Records provided Start Marker

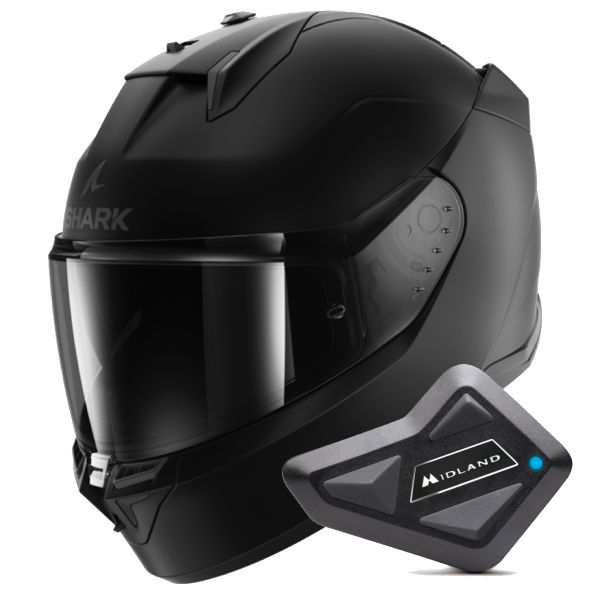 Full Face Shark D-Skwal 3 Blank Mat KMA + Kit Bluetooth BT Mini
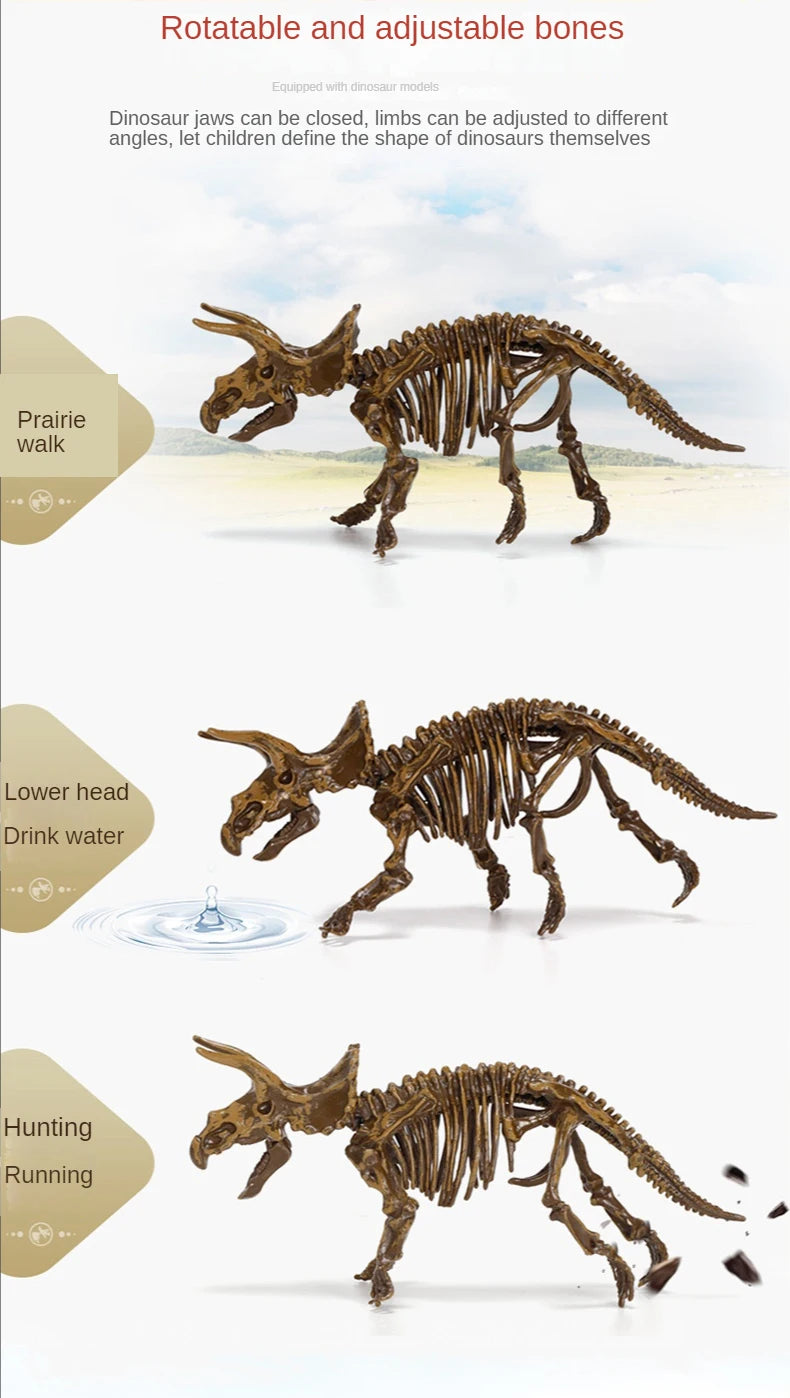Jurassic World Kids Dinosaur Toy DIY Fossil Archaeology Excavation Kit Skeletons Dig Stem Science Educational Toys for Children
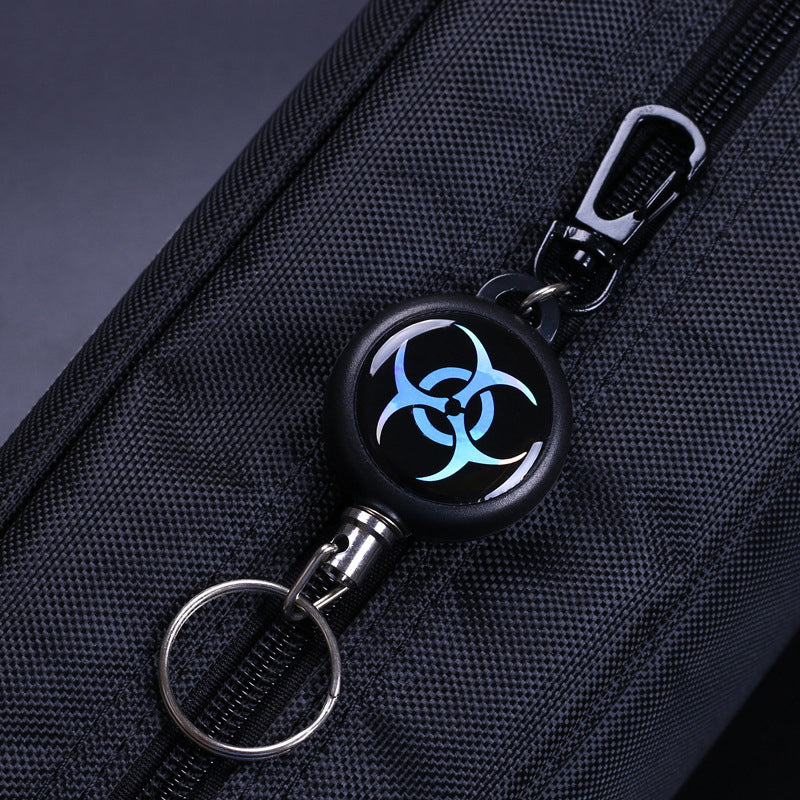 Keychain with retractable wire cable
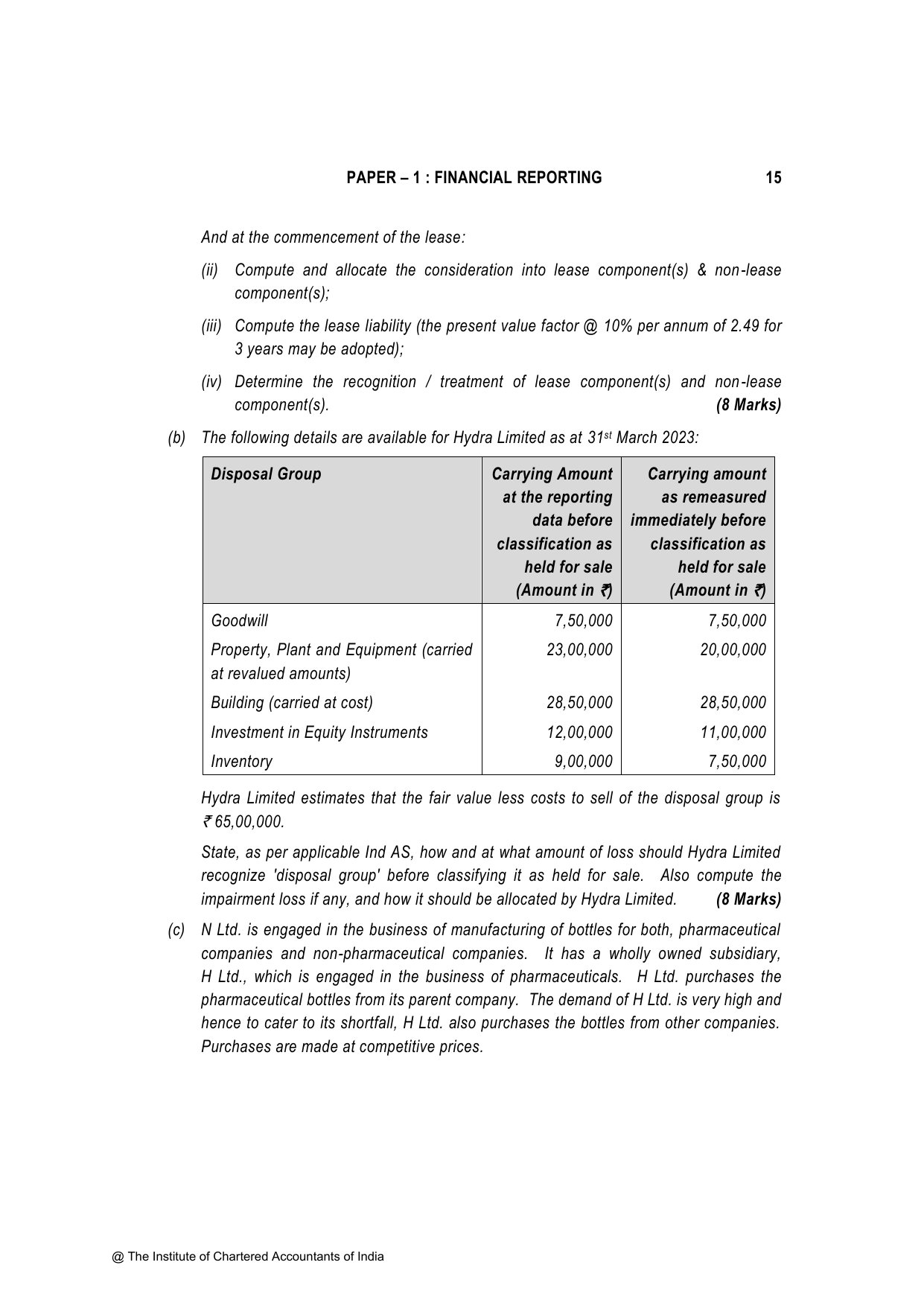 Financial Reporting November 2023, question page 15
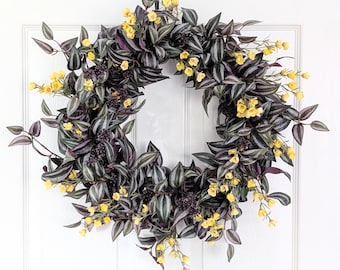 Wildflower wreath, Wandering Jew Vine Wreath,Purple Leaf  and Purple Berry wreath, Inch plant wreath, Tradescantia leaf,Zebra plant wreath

Records provided End Marker

Print the listing again exactly as it appears, except for the pictures, which stay out.

**Result of this task:**
 Full Face Shark D-Skwal 3 Blank Mat KMA + Kit Bluetooth BT Mini
Jurassic World Kids Dinosaur Toy DIY Fossil Archaeology Excavation Kit Skeletons Dig Stem Science Educational Toys for Children
 Keychain with retractable wire cable
 Financial Reporting November 2023, question page 15
 Wildflower wreath, Wandering Jew Vine Wreath,Purple Leaf  and Purple Berry wreath, Inch plant wreath, Tradescantia leaf,Zebra plant wreath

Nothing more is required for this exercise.